The first that comes to mind is this Evil, Ugly Fella, taken during a recent trip to the Singapore Bird Park. It had a big impact on me - it made me keep going back to the Jurong Bird Park and even buy a one-year season ticket:
And, to my own surprise, I have another two bird pictures among my "Top 10". I was previously never interested in photographing birds.
This abstract image of a crowned crane (Frenzied preening) was from my third visit to the Jurong Bird Park.
And this also somewhat abstract image of a blue stock (White asleep), was from my fourth visit. I actually have another very similar image, with the eyes open. It probably has more popular appeal, but I like this version better.
Another new area for me is night photography. With digital cameras offering sensitivity of up to ISO 3200 in the case of my Fuji S5 Pro, and even higher in the case of some newer cameras, I became somewhat of a "night photographer" and took hundreds, if not more than a thousand, night photographs. I am most proud of the one taken at Chinatown, with Chinese lanterns and street lamps, which I title 3+2.
Also at night are the various performances. Here, my interest is not so much in photographing scenes of the performances, but in taking close up portraits of the artistes - musicians, dancers and others.
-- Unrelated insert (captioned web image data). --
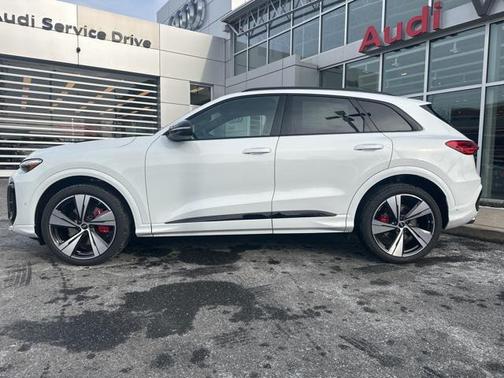 2025 Audi SQ5 3.0T Premium Plus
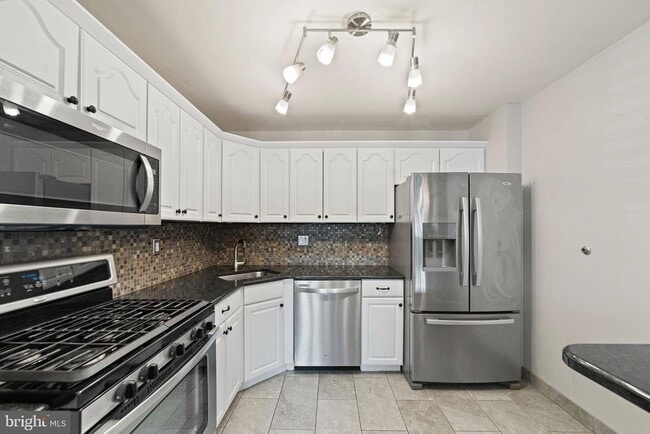 Photo - 254 Steeplechase Ct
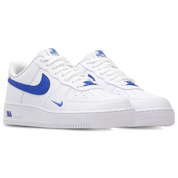 Nike Air Force 1 Low '07 Carbon Fiber Swoosh White Game Royal avec tige en cuir blanc, détails Game Royal, Swoosh effet fibre de carbone et semelle avec amorti Nike Air vue de 3/4 face. 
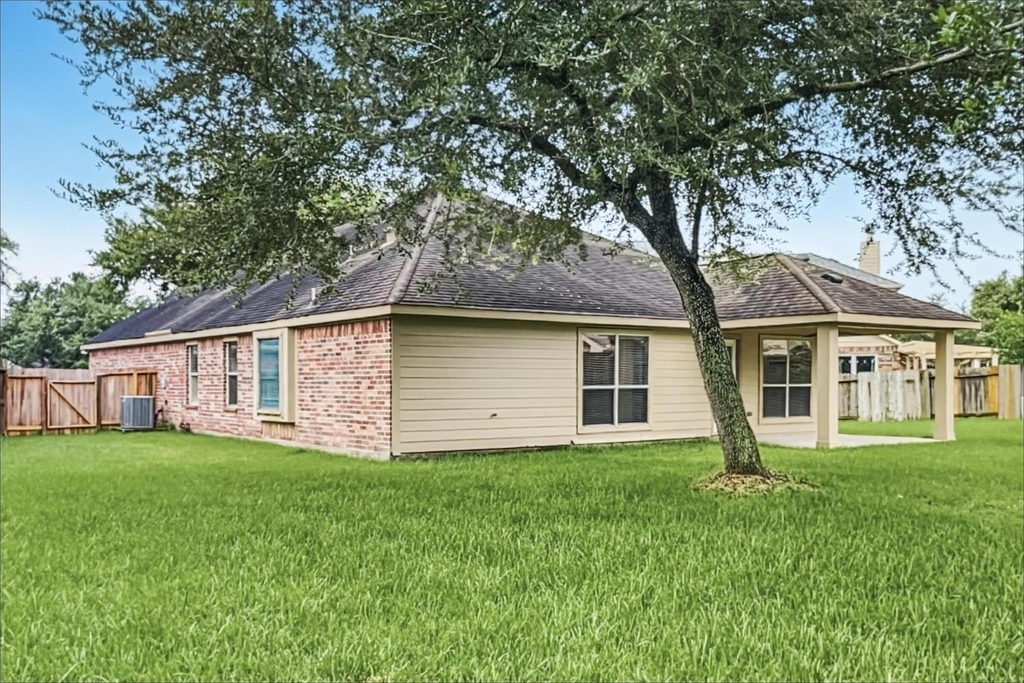 2918 Meridian Bay Lane - Photo 15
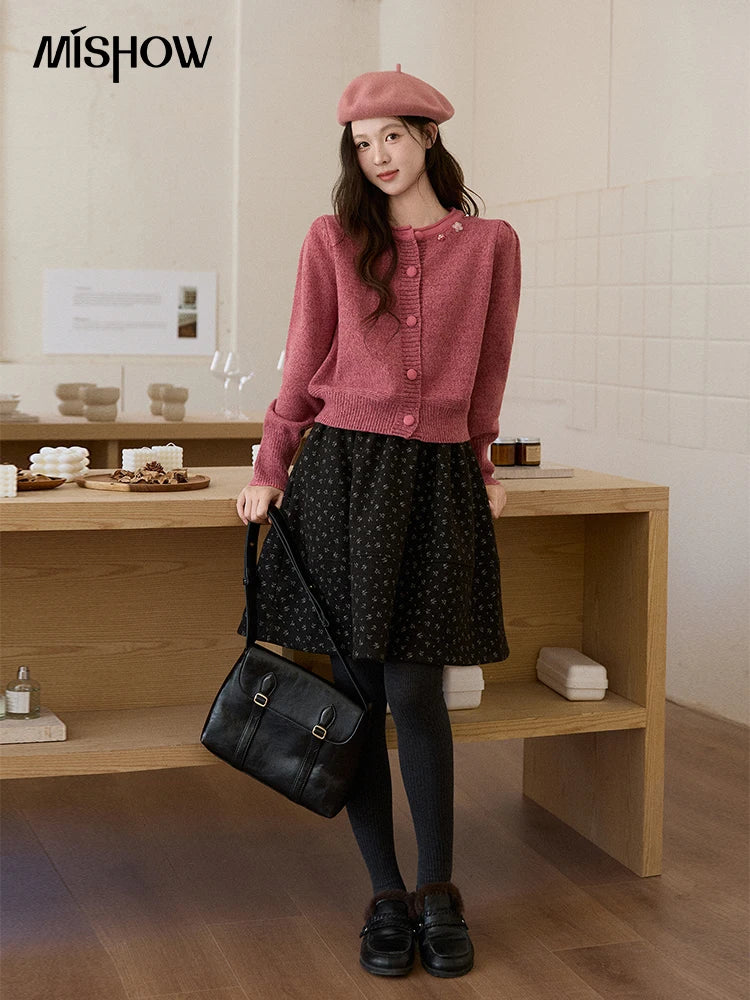 MISHOW Rose Red Sequin Beaded Floral Cardigan 2025 Winter Slight Puff Sleeve O-Neck Sweater Thick Warm Short Knitwear MXE93Z2808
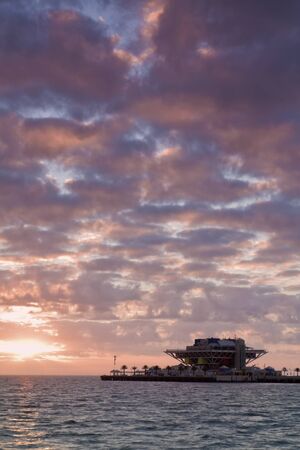 December 27, 2008: Sunrise by The Pier in St Petersburg, Florida.のeditorial素材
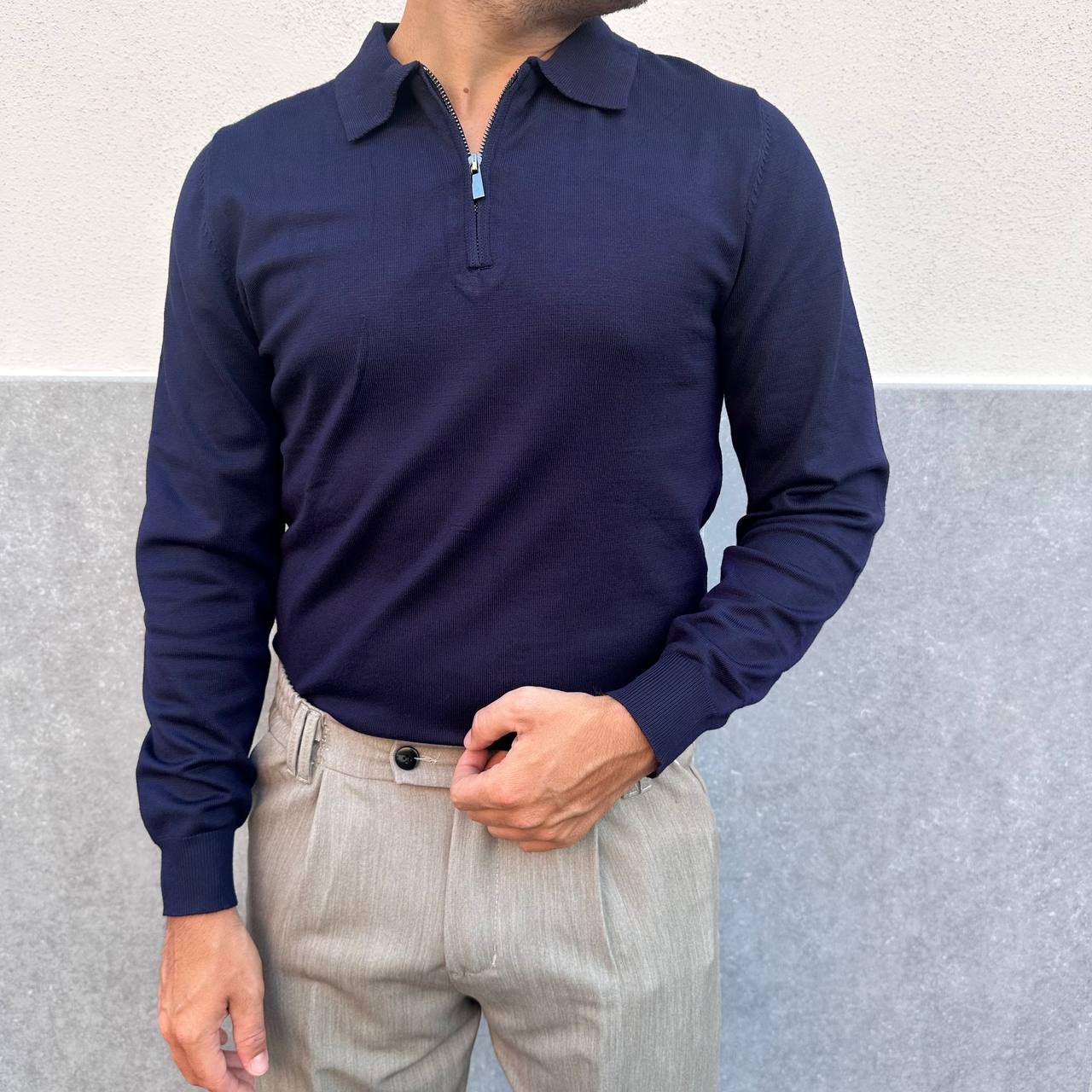 Polo con zip blu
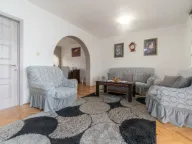 Izdavanje, kuća, 160m², Gornja Gorica, Podgorica - image 2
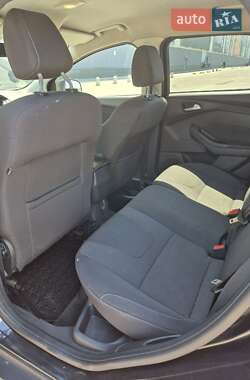 Универсал Ford Focus 2012 в 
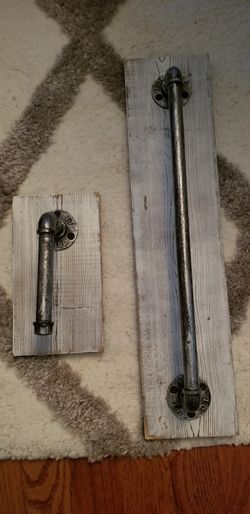 White Washed Wood Toilet Paper Holder and Towel Holder 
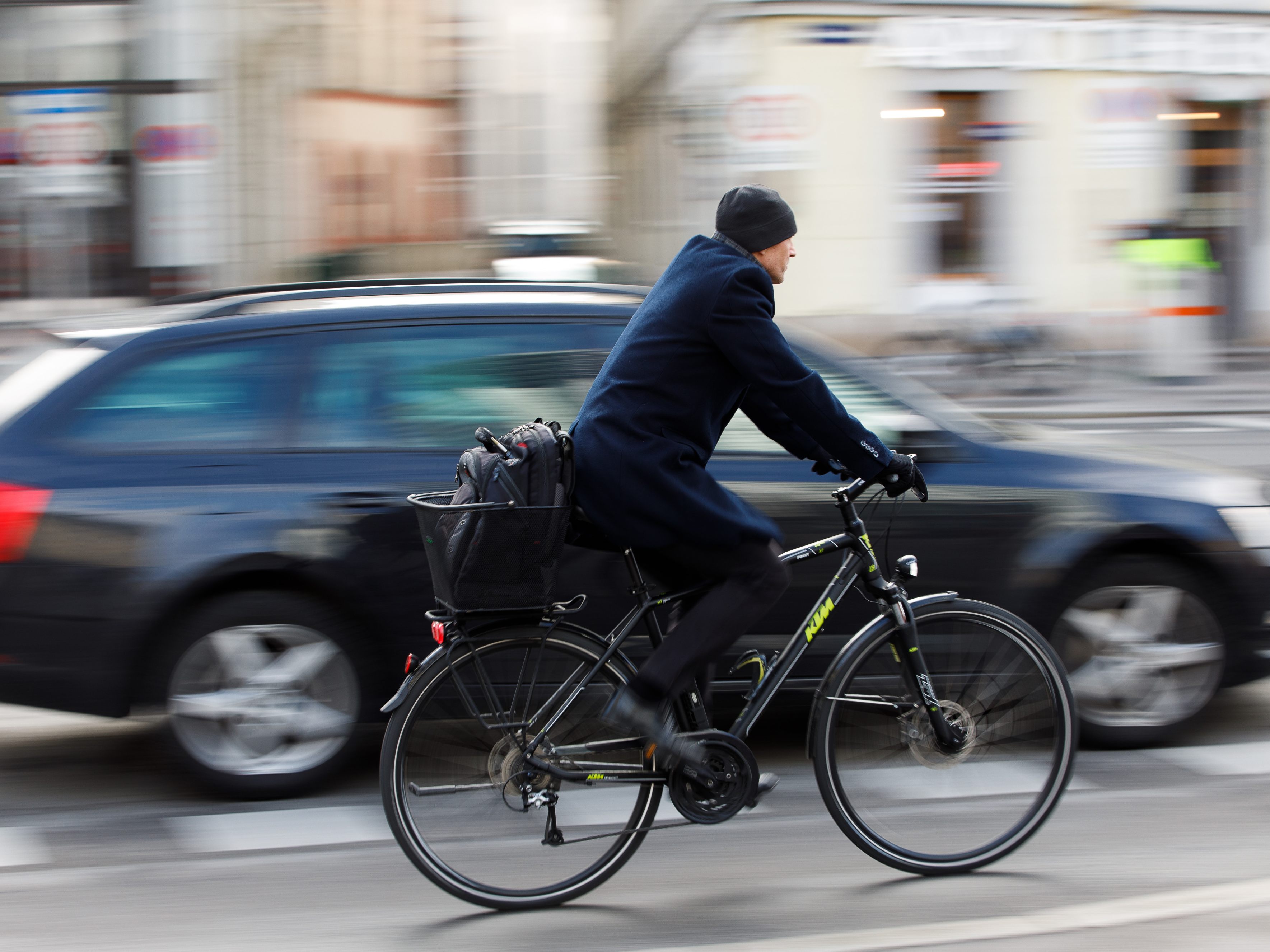 Kraftfahrzeug-Lenker halten oft zu wenig Abstand beim Überholfen von Radfahrern.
And so I have another few memorable images in this category. The one most deeply etched in my mind is this Chinese opera actress (main picture), taken at the Chinese temple near my block of flats during Chinese 7th month - The festival of hungry ghosts.
Just as memorable for me was the Chinese mid-autumn festival where one dancer from China got me enchanted. I kept returning to her performance just to take pictures of her. Plus, I did a photo essay, Seven Portraits of a Mid-Autumn Dancer.It was very well received. It got featured on the cover page of JPG for a while, and attracted close to 2,000 views!
That, in turn, started me on a series of photo essays featuring portraits, usually Seven Portraits... My personal favourite series is Seven Portraits of a Didgeridoo Artiste. I like this series best because I managed to put together seven images of the same person, in the same performance, yet all seven images are sufficiently different from each other.
Also, the Didgeridoo artiste series yielded another great photograph of hands. In fact, thanks to digital photography - which increased the effective maximum focal length of my zoom lens to 450 mm - my collection of photographs of hands is expanding very quickly.
Another favourite is Hands at Rest, from Thaipusam 2008, my first "digital Thaipusam":
One more "photograph of hands" made it into my Top 10 list from the past year of digital photography, this one from a back alley near the Sultan Mosque.
Finally, an old theme - the lotus. One of the first things I did when I started digital photography was to re-visit the lotus pond near my home. I had taken lots of lotus flower pictures in the past.
Even though the lotus is a cliched subject, especially among Asian photographers, I find it challenging to capture lotus images that are out of the ordinary.
On the day that I visited the lotus pond, there weren't that many flowers. In fact, most of the pond consisted of dead or dying leaves. And I captured this image of two lotus leaves, one dead, one alive.
It has no flower. Yet it is, to me and some of my friends, the best lotus image that I have ever created!